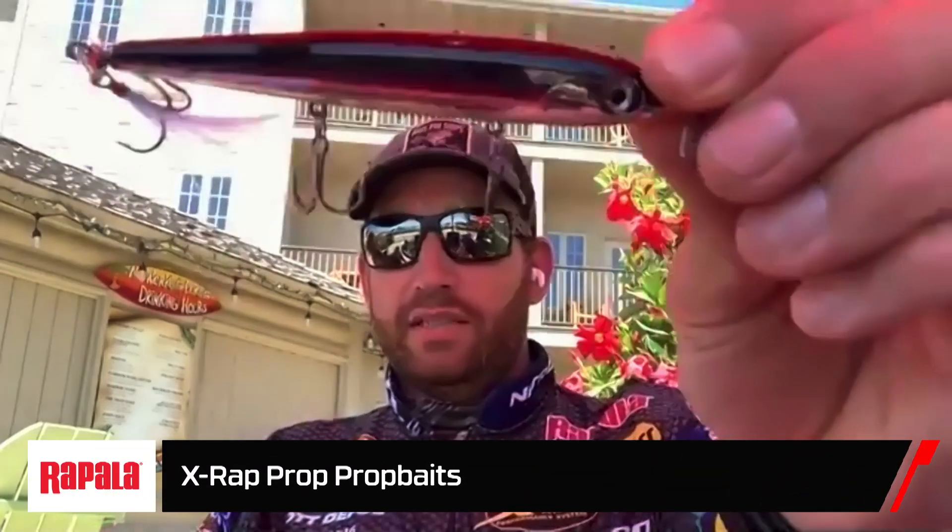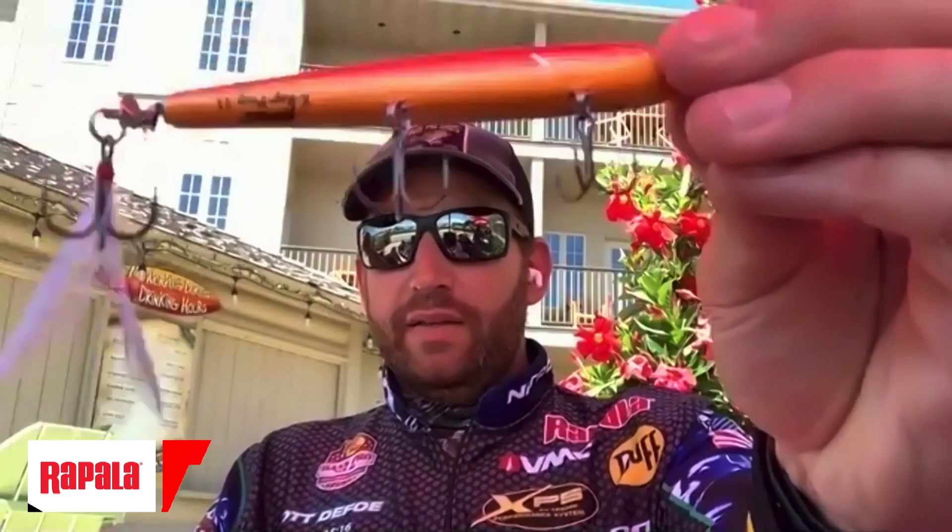There are also some new topwater colors. In the Extract Prop, there's a Florida Gold, which has a lot of gold in it. But the one I'm actually more excited about is the Black Chrome and Orange — it's a black back, chrome sides, orange belly. That is really a staple color in a prop bait, especially in Florida. That black back, chrome sides, orange belly is just a dynamite color in that prop-style bait on those Florida fisheries.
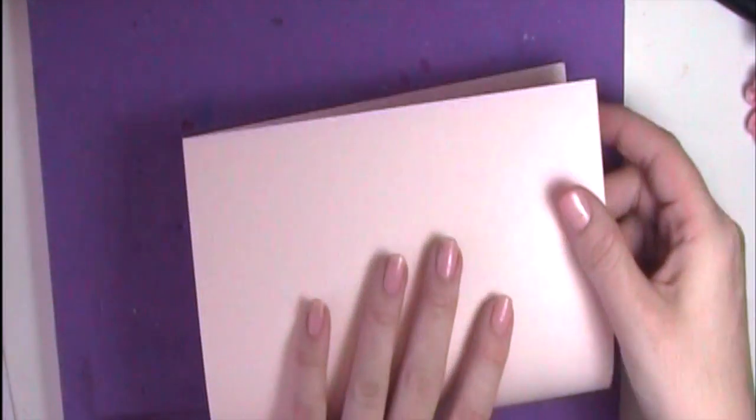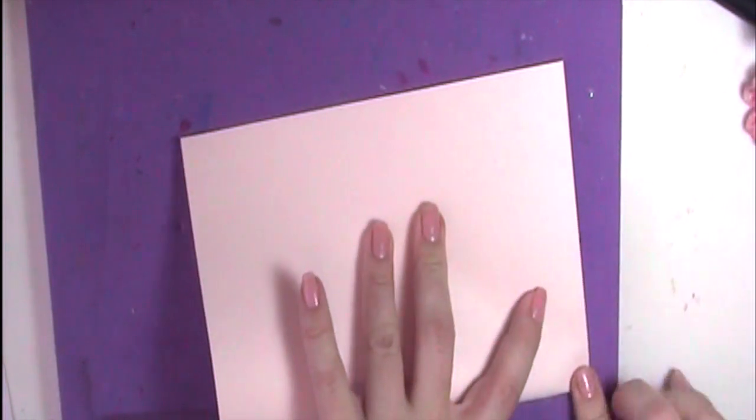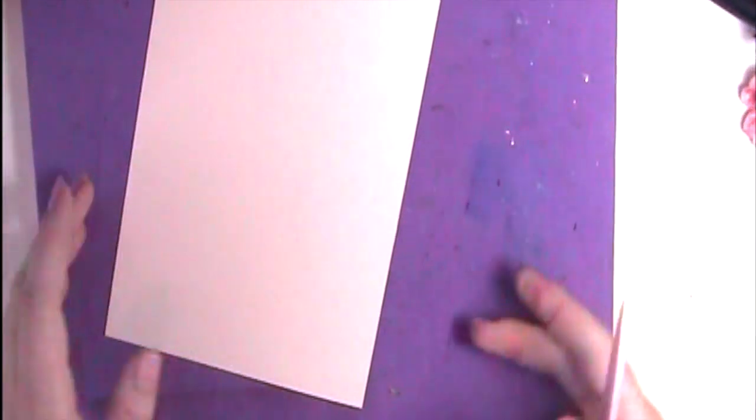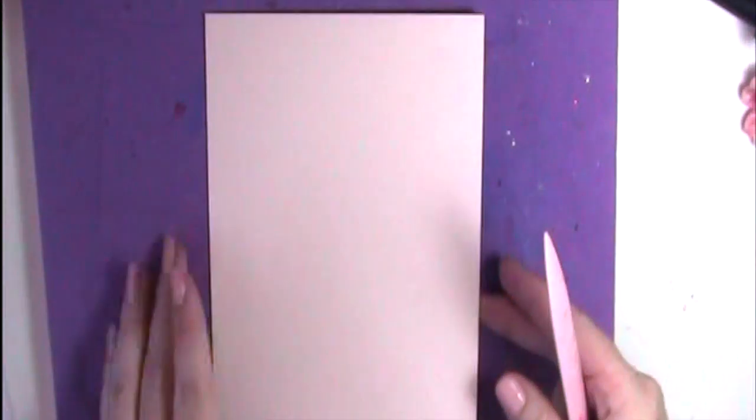So, first things first, it's going to be an A5 card. I've got my A4 piece of paper and I'm going to fold it in half. I'll just make a tiny mark so I know where the halfway point is, then I get my scoreboard — my little baby Martha Stewart scoreboard. I'll just run down the back and there's my card base.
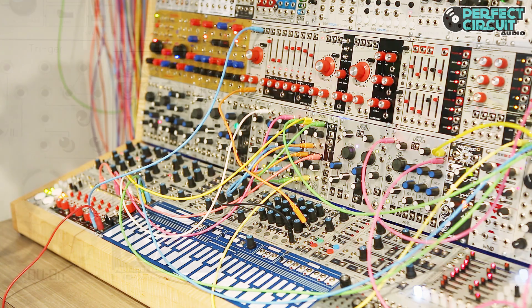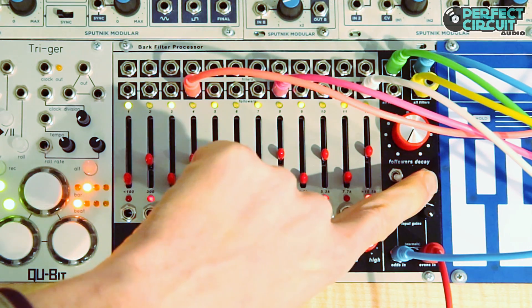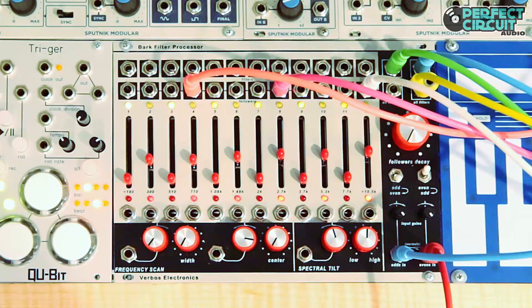I'll turn on the spectral transfer from even to odd. And now we hear the spectral energy from my voice controlling the spectral profile of the saw wave. I'm going to go ahead and turn down the even frequency bands so we hear the filtered saw wave.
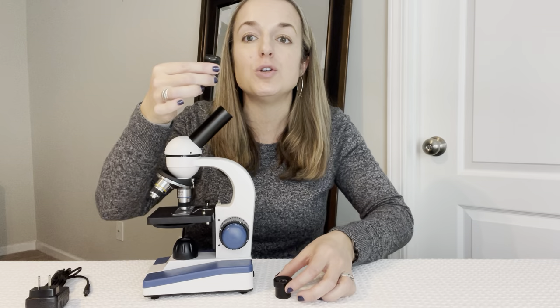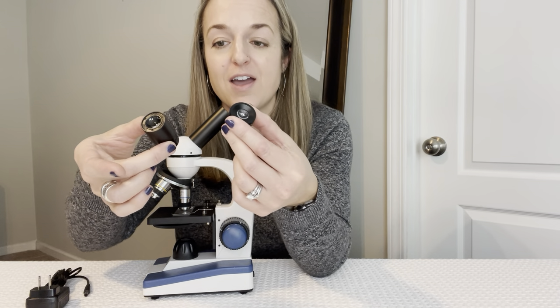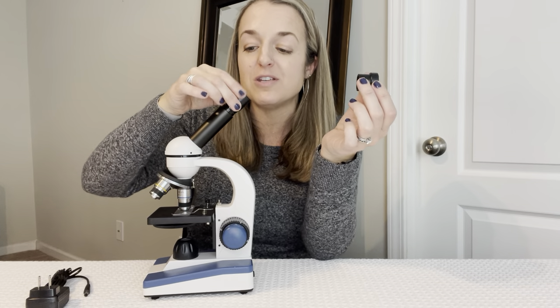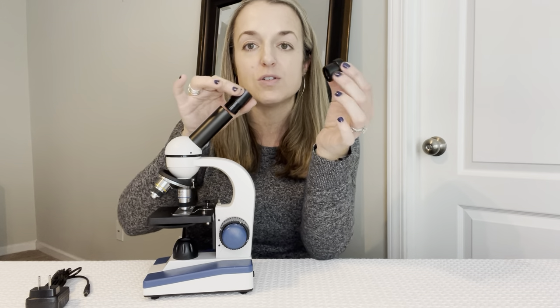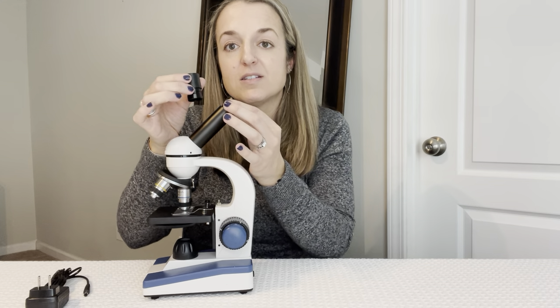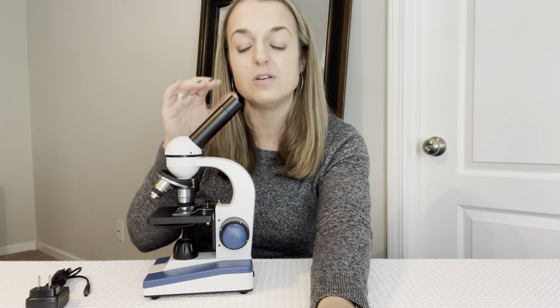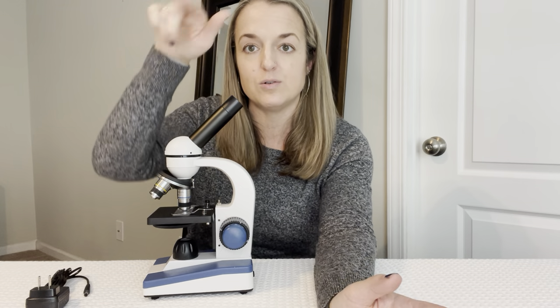It also comes with two lenses — one that's x10 and one that's x25. The way that you switch them is you just lift them out. There's no screwing; you just lift them out and place them in. The x10 one has a little needle inside that you can rotate, and the needle will rotate around.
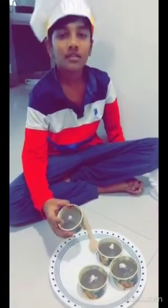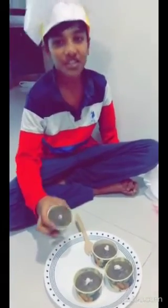Here, the muffins are ready. Let's taste. See, they are so fluffy. Let's taste. Wow, these are so yummy!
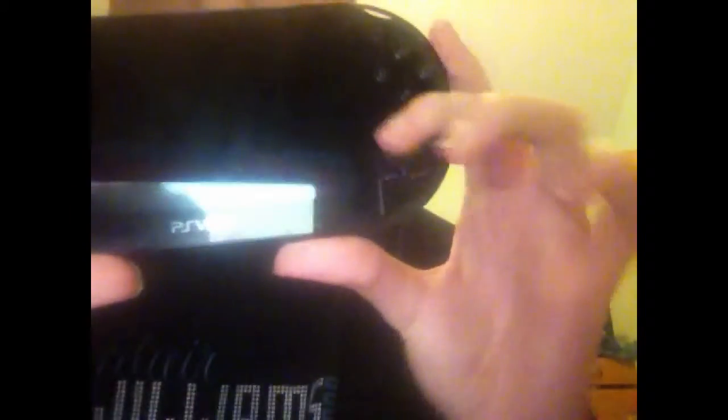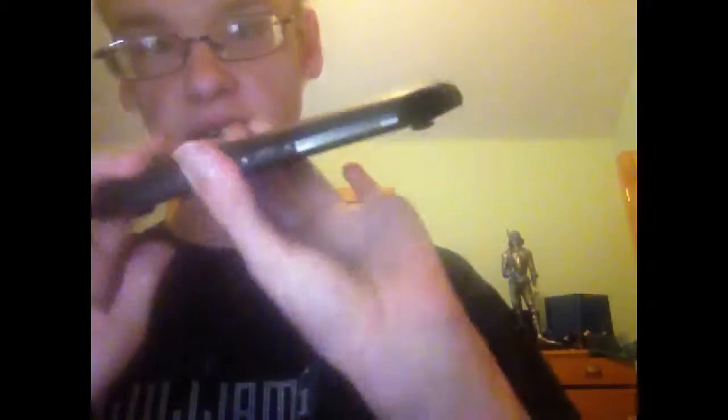It actually has some similar things to an iPhone or an iPod. You've got your start and select buttons, your home button, your charging port, and your headphone jack right over here.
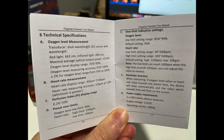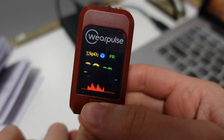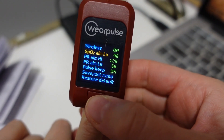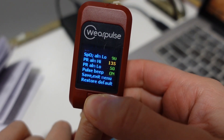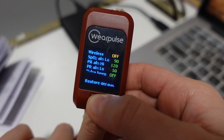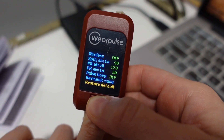One more thing — this device comes with a set limit for your heart rate and oxygen level, but you can adjust these levels on the device itself by clicking this button. And if you don't wish to connect it to the app, you can just select off where it says wireless.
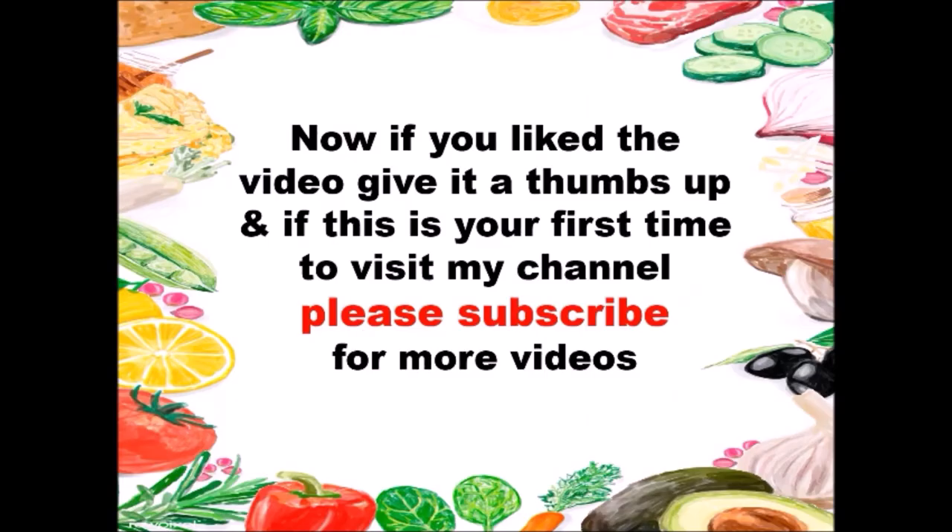If you liked the video, give it a thumbs up and if this is your first time visiting my channel, please subscribe for more videos.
-- -- --
_Task to carry out:_
Begin at the first line of the records and please reproduce every line exactly through the one containing "I'll turn on", leaving all pictures out.

_Answer to the problem:_
There are also some new topwater colors. In the Extract Prop, there's a Florida Gold, which has a lot of gold in it. But the one I'm actually more excited about is the Black Chrome and Orange — it's a black back, chrome sides, orange belly. That is really a staple color in a prop bait, especially in Florida. That black back, chrome sides, orange belly is just a dynamite color in that prop-style bait on those Florida fisheries.
So, first things first, it's going to be an A5 card. I've got my A4 piece of paper and I'm going to fold it in half. I'll just make a tiny mark so I know where the halfway point is, then I get my scoreboard — my little baby Martha Stewart scoreboard. I'll just run down the back and there's my card base.
I'll turn on the spectral transfer from even to odd. And now we hear the spectral energy from my voice controlling the spectral profile of the saw wave. I'm going to go ahead and turn down the even frequency bands so we hear the filtered saw wave.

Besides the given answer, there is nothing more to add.